性能試験では高負荷をかけても落ちないから面白くないというメンバーが出たり(私の事です)、 総合試験に関してはメンバー全員が試験項目書が間違っているのではと?逆に不安になる程バグが少なかったです。
実装期間が3ヶ月と短かったのですが不具合も少なく全体的に高品質だったと思います。
※因みにバグ件数ですが、機能バグ0件、デザイン崩など軽微なバグが27件でした。
仕様の相互確認会で安心し開発に尽力できた
要所要所で行った事でステークホルダー、開発メンバー共に成果物への安心感が得られ想像以上に体験がよくとても好評でした。
良い事ばかり!?とは言え課題も・・・
良い事ばかり記述していますが課題もあり、、
ものづくり推進部はmedibaにおけるものづくりのプロセスを醸成する組織です。 今回実施したものづくりプロセスを組織に伝搬したいものの方法等を見いだせていないのが現状です。
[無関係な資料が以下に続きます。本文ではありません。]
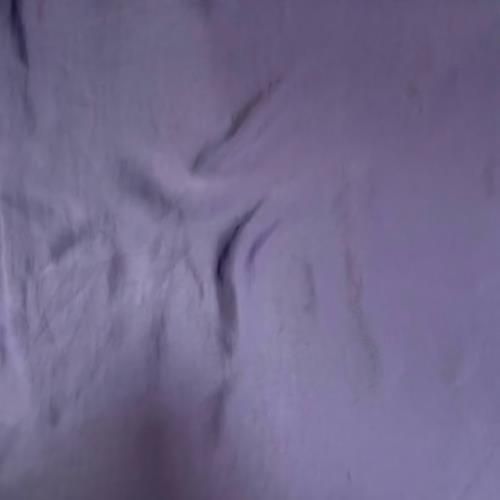 Woven Polyester Fabric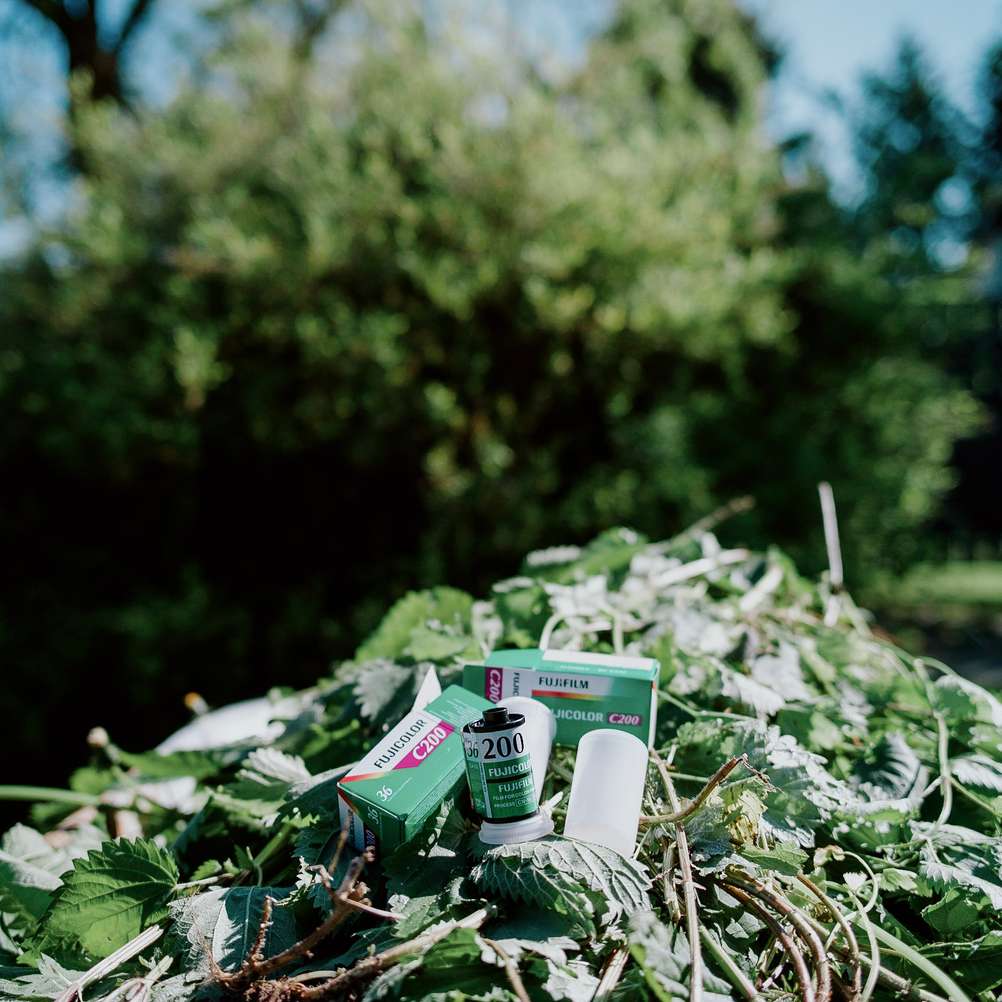 Photo of Fujifilm C200 film rolls surrounded by green colors.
良い体験等をどのように伝搬、醸成していくのもミッションの1つなので 引き続き試行錯誤して行きたいと思っています。
まとめ
巷ではアジャイル開発では設計不要説等ありますが、設計は大切だと再認識できたり DX向上の為チームに寄り添いチームとして成長していく事で、一体感はもちろんの事 高揚感も得られとても良い成功体験を得ることができました。
今後は課題解決とチーム全体の体験向上をより一層改善したいと思っています。
余談
スクラムを回していると気になるバーンダウンチャート。 プロジェクト開始時はきれいなバーンダウンではなかったものの最終的にはキレイなバーンダウンを描くことができました。